Task goal
Quote the records that follow in full and exactly; leave out the pictures.

Excerpted records
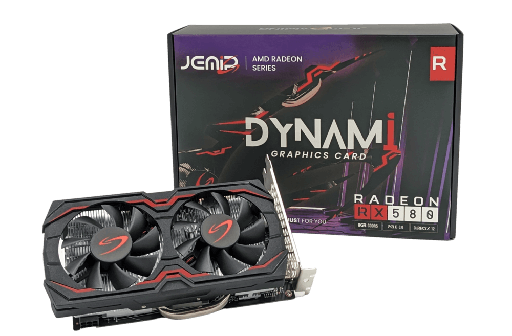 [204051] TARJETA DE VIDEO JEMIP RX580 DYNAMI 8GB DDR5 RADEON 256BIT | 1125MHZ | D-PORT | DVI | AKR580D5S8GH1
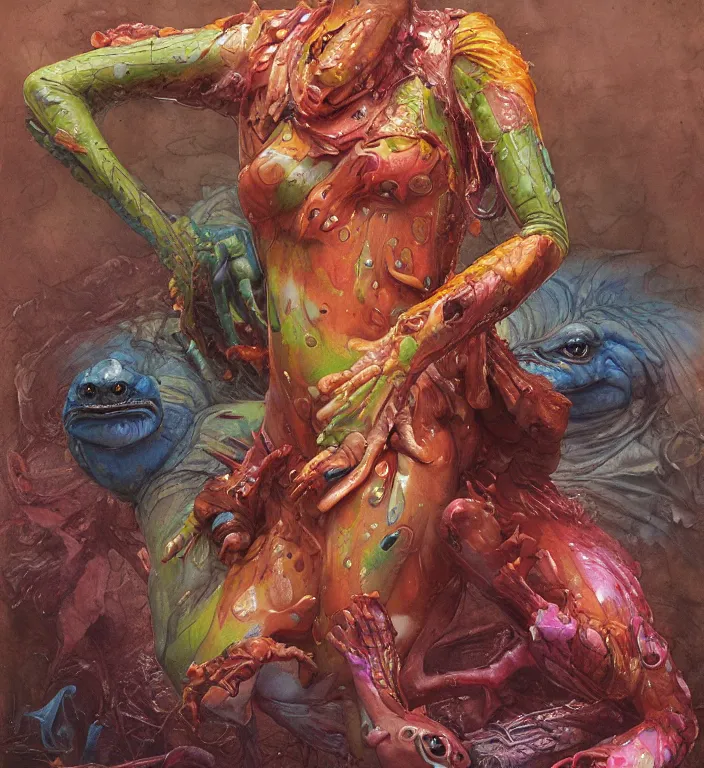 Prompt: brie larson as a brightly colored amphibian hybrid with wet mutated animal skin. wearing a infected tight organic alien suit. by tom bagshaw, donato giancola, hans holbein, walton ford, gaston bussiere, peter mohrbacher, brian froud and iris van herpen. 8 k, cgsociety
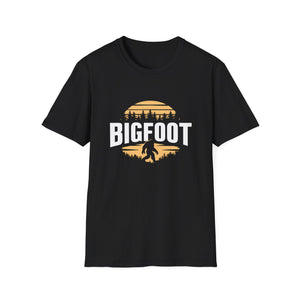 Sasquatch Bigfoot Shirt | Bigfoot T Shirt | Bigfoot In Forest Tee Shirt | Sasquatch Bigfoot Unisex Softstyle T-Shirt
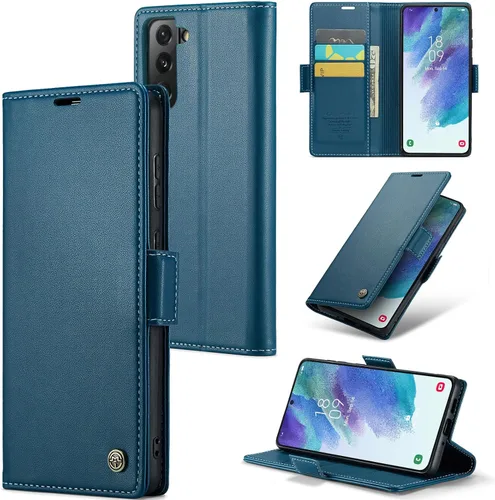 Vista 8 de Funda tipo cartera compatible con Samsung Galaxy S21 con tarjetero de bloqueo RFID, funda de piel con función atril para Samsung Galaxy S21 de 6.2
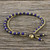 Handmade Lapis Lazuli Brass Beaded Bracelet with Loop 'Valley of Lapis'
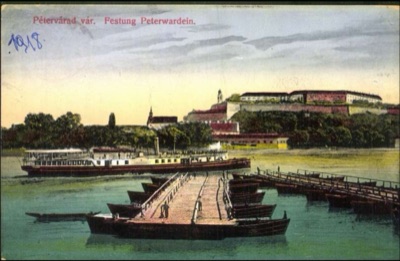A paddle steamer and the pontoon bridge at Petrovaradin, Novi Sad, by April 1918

Solution to this problem
 [204051] TARJETA DE VIDEO JEMIP RX580 DYNAMI 8GB DDR5 RADEON 256BIT | 1125MHZ | D-PORT | DVI | AKR580D5S8GH1
 Prompt: brie larson as a brightly colored amphibian hybrid with wet mutated animal skin. wearing a infected tight organic alien suit. by tom bagshaw, donato giancola, hans holbein, walton ford, gaston bussiere, peter mohrbacher, brian froud and iris van herpen. 8 k, cgsociety
 Sasquatch Bigfoot Shirt | Bigfoot T Shirt | Bigfoot In Forest Tee Shirt | Sasquatch Bigfoot Unisex Softstyle T-Shirt
 Vista 8 de Funda tipo cartera compatible con Samsung Galaxy S21 con tarjetero de bloqueo RFID, funda de piel con función atril para Samsung Galaxy S21 de 6.2
 Handmade Lapis Lazuli Brass Beaded Bracelet with Loop 'Valley of Lapis'
A paddle steamer and the pontoon bridge at Petrovaradin, Novi Sad, by April 1918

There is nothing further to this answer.